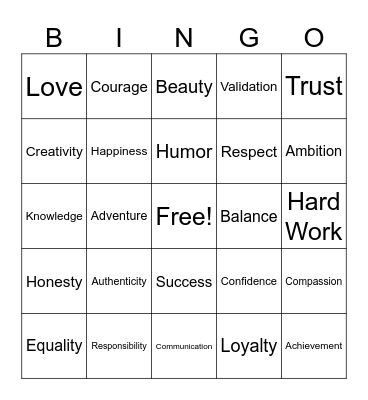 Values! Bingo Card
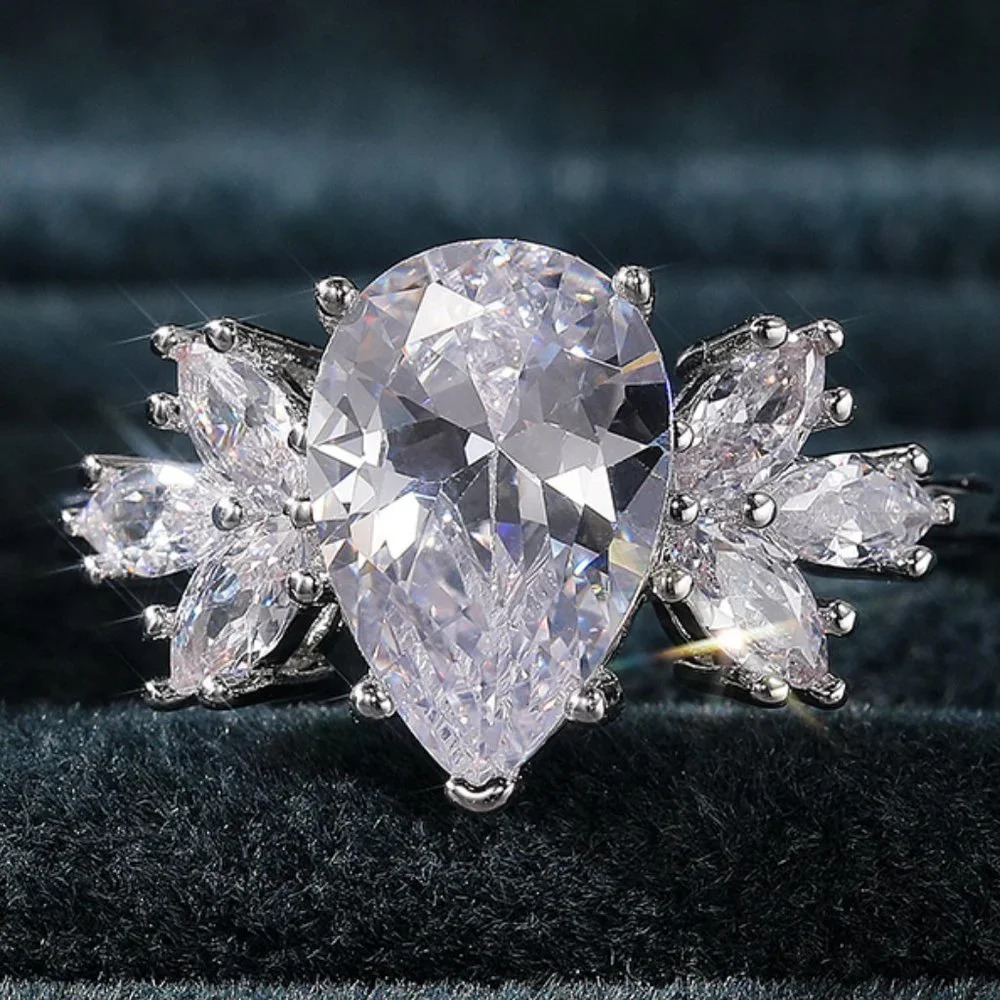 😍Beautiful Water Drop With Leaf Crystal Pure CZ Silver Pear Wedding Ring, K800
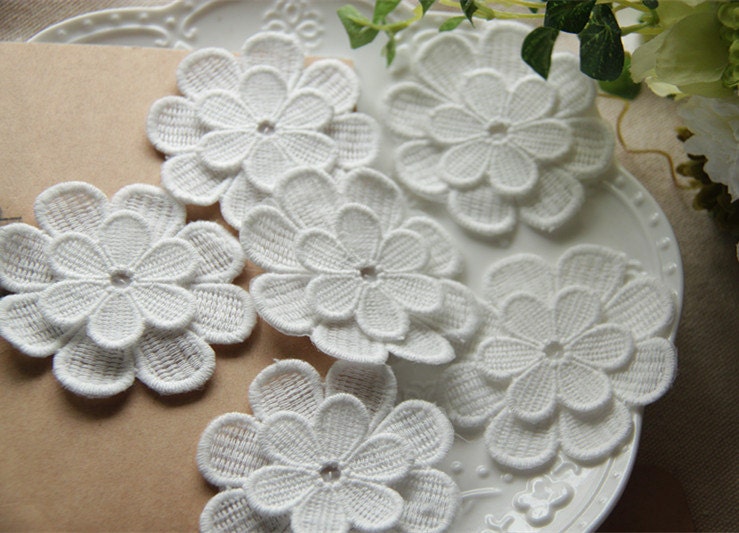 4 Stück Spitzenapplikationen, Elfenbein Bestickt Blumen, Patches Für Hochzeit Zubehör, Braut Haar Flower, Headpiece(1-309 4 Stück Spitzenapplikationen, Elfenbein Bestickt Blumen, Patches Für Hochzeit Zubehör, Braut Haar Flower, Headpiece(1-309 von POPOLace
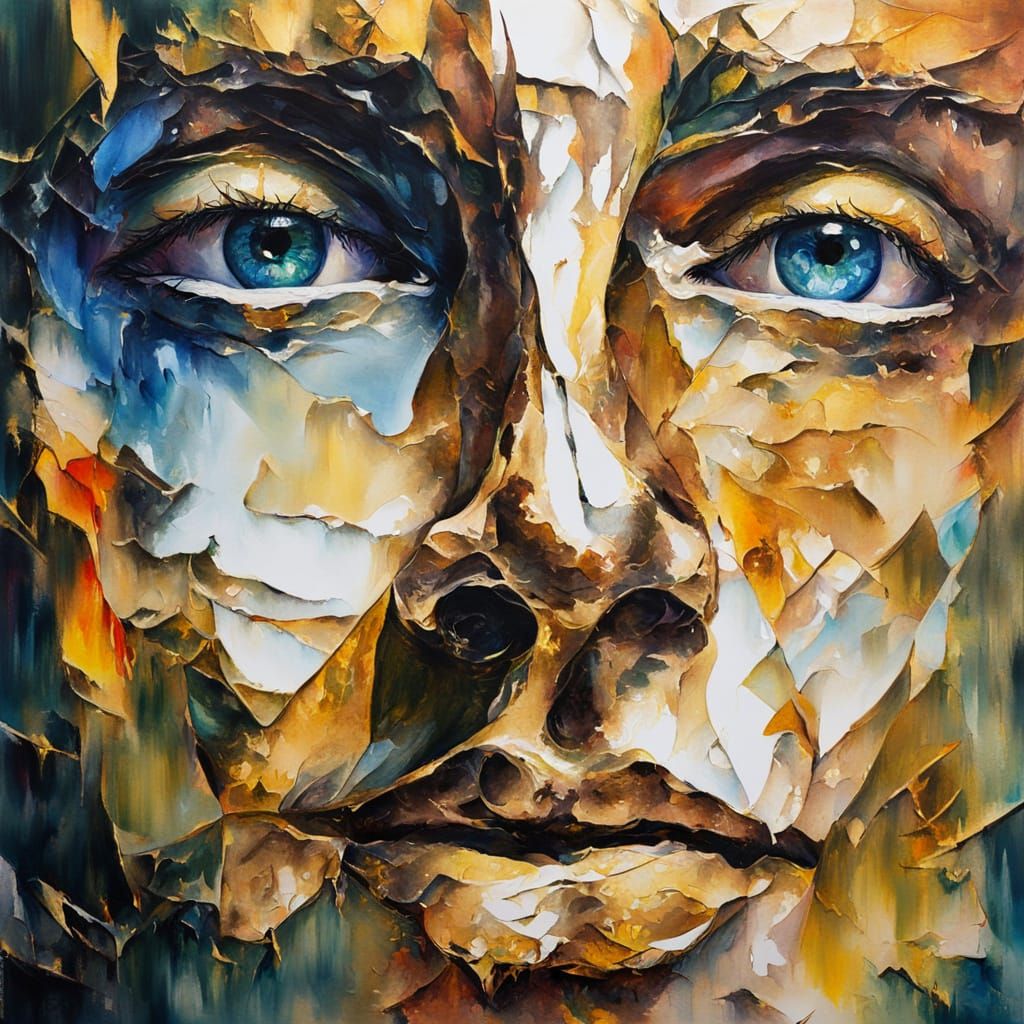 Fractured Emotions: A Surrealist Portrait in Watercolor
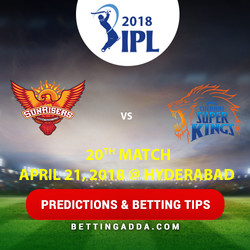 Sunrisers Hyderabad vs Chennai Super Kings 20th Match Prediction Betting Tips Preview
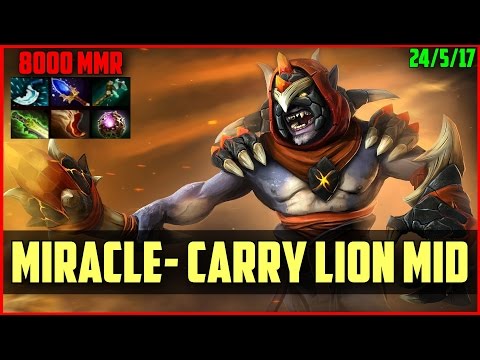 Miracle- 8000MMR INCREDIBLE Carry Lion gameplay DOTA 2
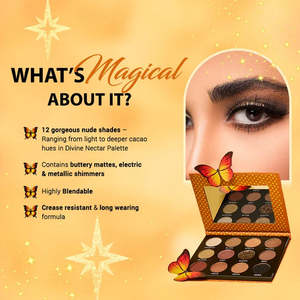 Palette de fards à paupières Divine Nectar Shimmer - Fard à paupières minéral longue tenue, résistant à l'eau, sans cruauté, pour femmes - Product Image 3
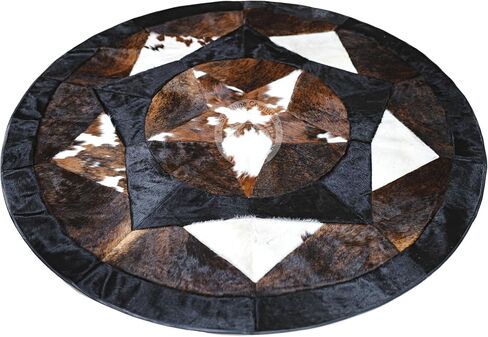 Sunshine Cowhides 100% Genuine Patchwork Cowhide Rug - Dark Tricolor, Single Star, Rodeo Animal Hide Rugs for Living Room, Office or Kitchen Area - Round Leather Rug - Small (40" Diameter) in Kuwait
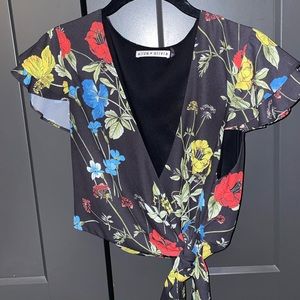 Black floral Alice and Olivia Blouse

---

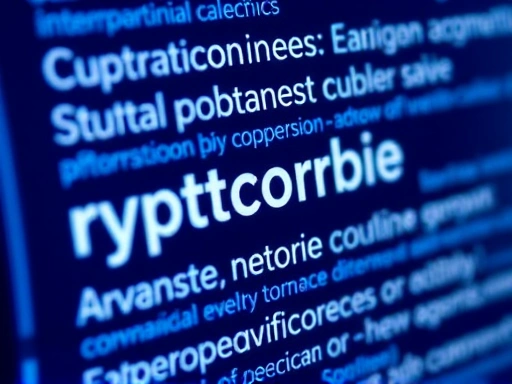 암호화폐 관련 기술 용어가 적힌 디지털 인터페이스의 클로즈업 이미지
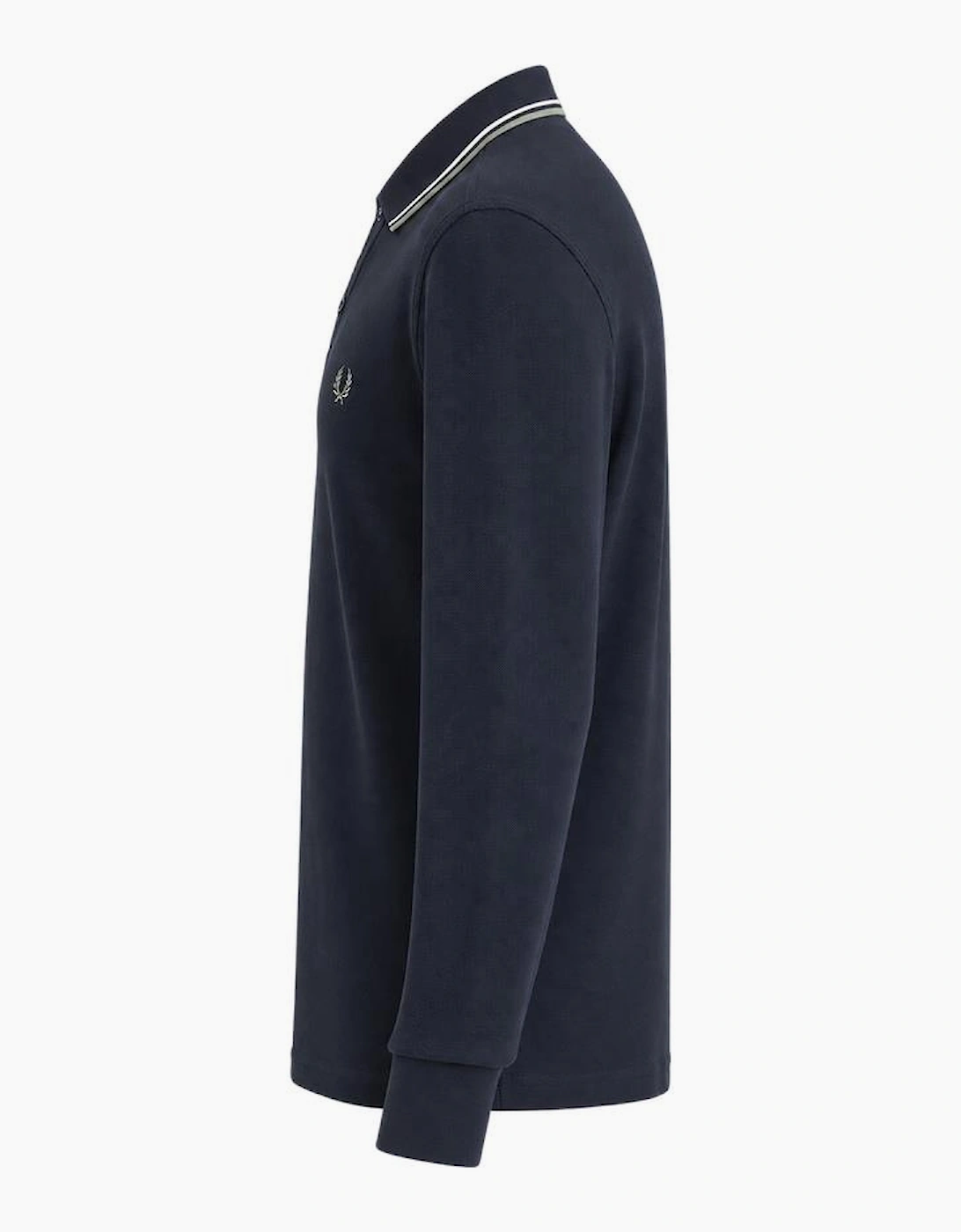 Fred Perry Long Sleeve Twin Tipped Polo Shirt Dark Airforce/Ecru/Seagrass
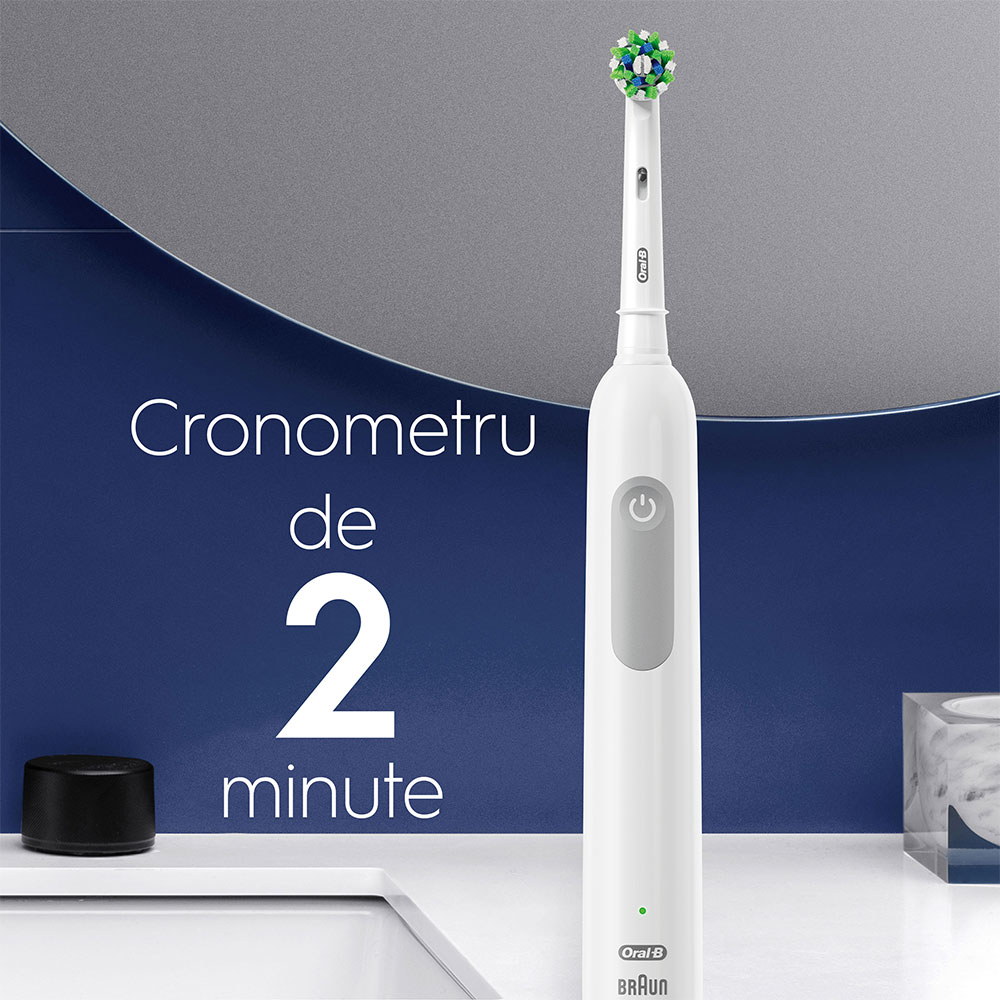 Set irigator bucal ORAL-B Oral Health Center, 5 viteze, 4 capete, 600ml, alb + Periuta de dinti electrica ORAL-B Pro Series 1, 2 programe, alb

--

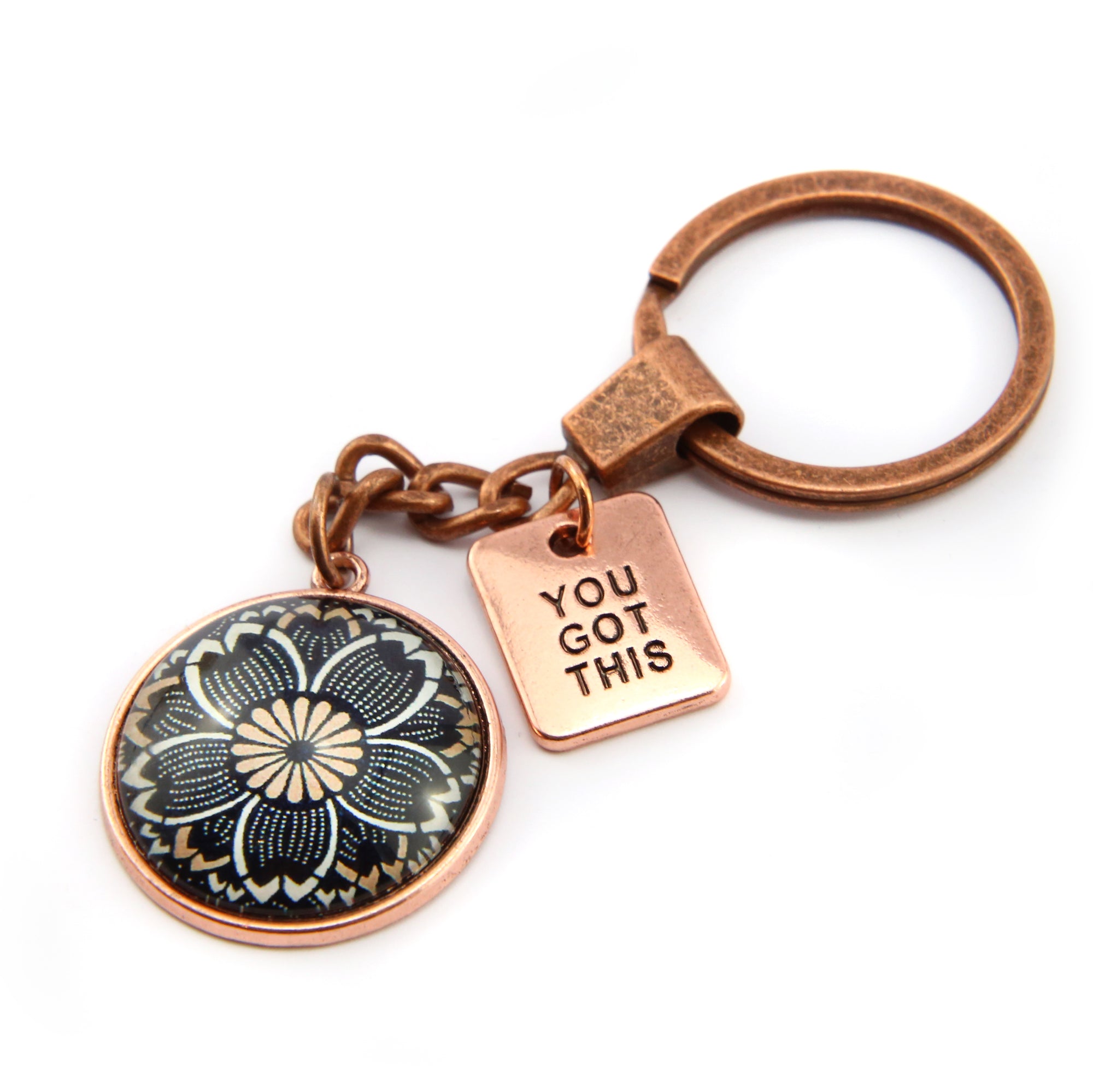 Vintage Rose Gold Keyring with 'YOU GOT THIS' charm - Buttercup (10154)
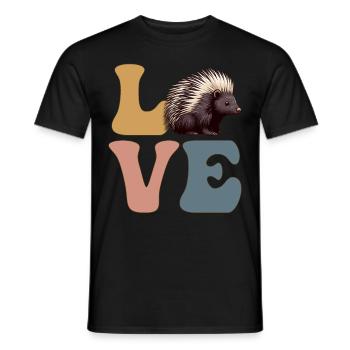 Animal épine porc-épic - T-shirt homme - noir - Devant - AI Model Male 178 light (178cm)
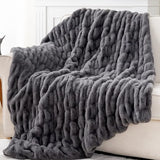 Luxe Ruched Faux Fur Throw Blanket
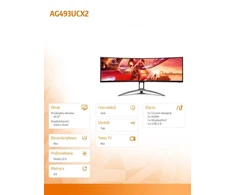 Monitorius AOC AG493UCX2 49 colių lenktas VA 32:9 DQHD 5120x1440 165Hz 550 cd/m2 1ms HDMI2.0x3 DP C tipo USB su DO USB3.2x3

▸ Task instructions
Please output, exactly as written, the lines above from the one holding "Fred Perry Long" through the one holding "Set irigator bucal", both included, with the pictures omitted.

▸ Task solution
 Fred Perry Long Sleeve Twin Tipped Polo Shirt Dark Airforce/Ecru/Seagrass
 Set irigator bucal ORAL-B Oral Health Center, 5 viteze, 4 capete, 600ml, alb + Periuta de dinti electrica ORAL-B Pro Series 1, 2 programe, alb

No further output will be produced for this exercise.